In the end, though, just one team lived up to its reputation Saturday night in Omaha.
The Fighting Illini unleashed an offensive attack that the normally stout Duquesne defense couldn’t suppress en route to an 89-63 victory. Illinois never trailed and shot 59.3% from the floor — a total that actually hovered near 65% for most of the game before the result became academic.
“We just got blitzed,” associate head coach Dru Joyce III said on the Duquesne radio broadcast after the game.
On Friday, Illini coach Brad Underwood played coy when discussing strategy about facing Duquesne’s defense, saying, “We’ll take whatever comes.”
As it turns out, though, Illinois appeared to have zero willingness to play Duquesne’s slow down, grind-it-out style, taking it to the Dukes in transition, on the perimeter and down low.
“They just bullied us a little bit tonight. Then, we got a little frazzled and unraveled. We had trouble with their physicality and quickness,” Duquesne coach Keith Dambrot said.
Duquesne had no answer for NBA prospect Terrence Shannon Jr., who had 30 points. Marcus Domask added 22 points and seven assists.
Illinois was also the better team defensively. Despite being ranked 11th in the Big Ten on defense, the Illini held Duquesne to 41% shooting and leading scorer Dae Dae Grant to just seven points.
“When we guard like we did early, we can be really electric in transition,” Underwood said afterwards. “It was a huge talking point coming in. We had to be better defensively than we were against Morehead State (in Round 1).”
For as badly as the season ended, it’s hard to taint what Duquesne accomplished by getting this far.
This group of Dukes snapped a 47-year NCAA Tournament drought. It snapped a 55-year drought when it came to actually winning an NCAA Tournament game. It won an Atlantic 10 Tournament championship for the first time since the conference was called the Eastern Eight. It sent Dambrot into retirement as a conference champion and with his first career NCAA Tournament win, a 71-67 decision over BYU on Thursday.
Not only that, but for the first time in almost half a century, the Duquesne basketball program was the best story in Pittsburgh sports.
Those things don’t get erased just because a really good team from a really big conference had a really hot night from the floor.
“That accomplishment and that success, it’s a blessing to be able to have that (A-10) banner hanging up. Not many people can do that or have been in the position that we have been the last few weeks,” Grant said.

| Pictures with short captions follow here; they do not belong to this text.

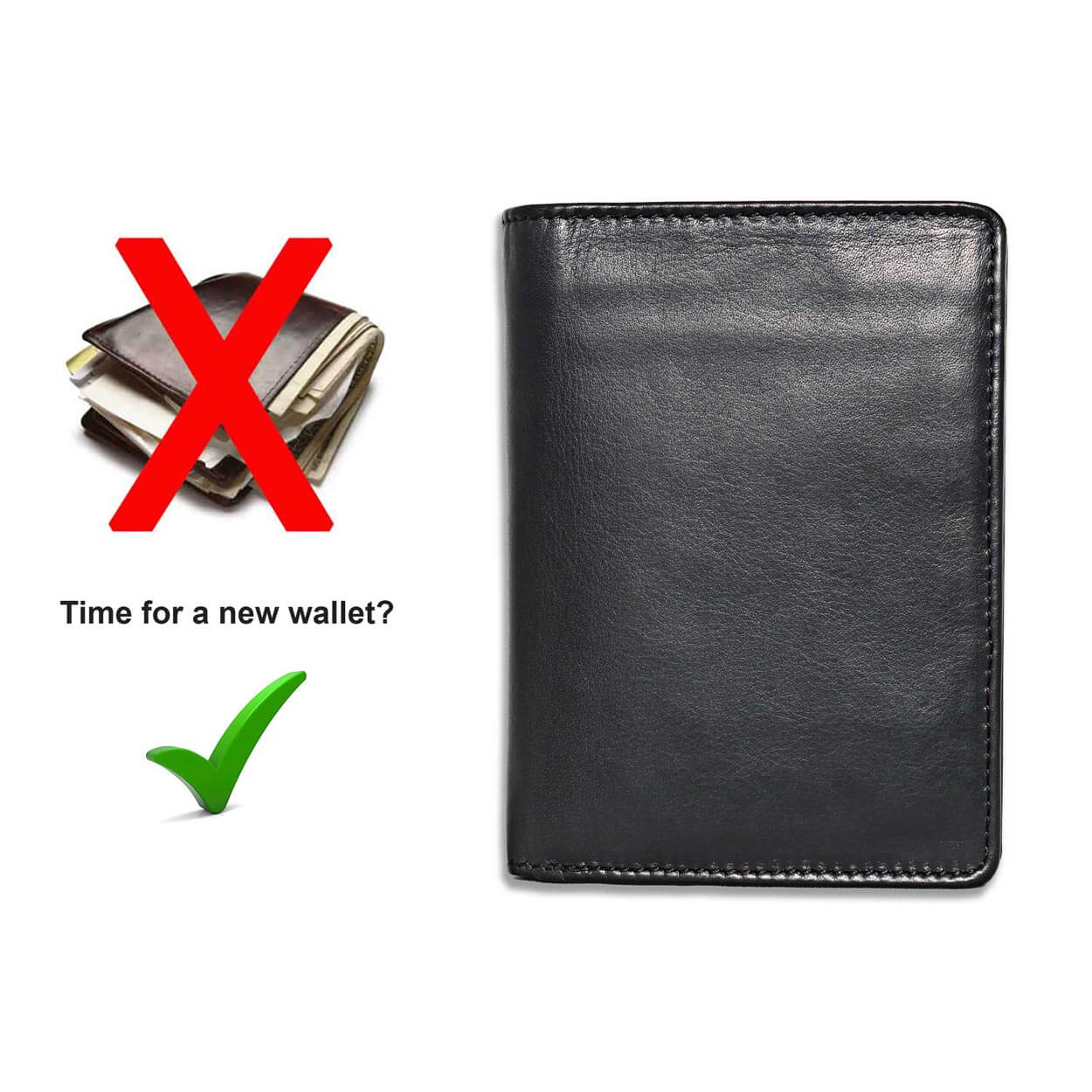 DiLoro Men's Large Bifold Leather Wallet 2.0 Vertical Black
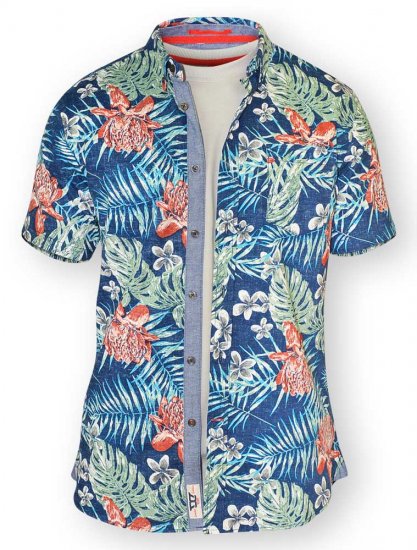 D555 ENRIQUE Short Sleeve Hawaiian Leaf Shirt & T-shirt Combo - Cămăși - Cămăși Bărbați Mărimi Mari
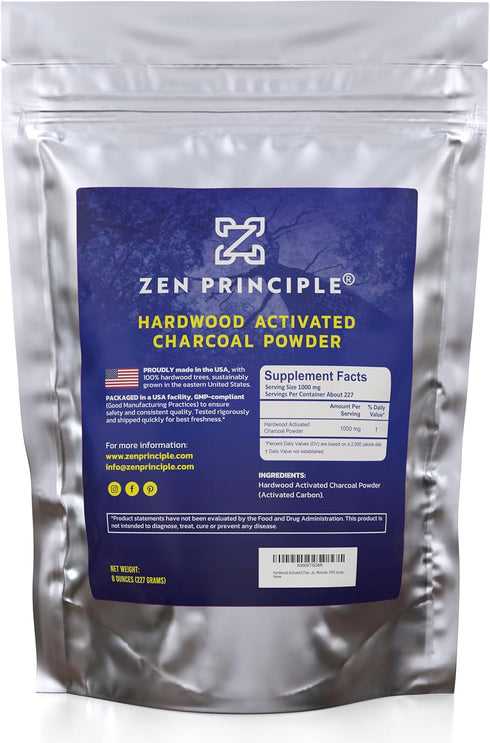 Hardwood Activated Charcoal Powder, 100% USA Trees, 8 oz...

Yes, the Dukes were indeed blitzed by a team that could find itself in the Elite Eight or maybe even the Final Four.
But what the Dukes blitzed themselves was their own legacy of irrelevance.
For the first time in a long time, Duquesne’s basketball program has a positive platform from which to operate, and a legitimate hope that the program can be back to the NCAA Tournament on a more regular basis.
And that the new championship banner Grant referenced may be joined by another before very long.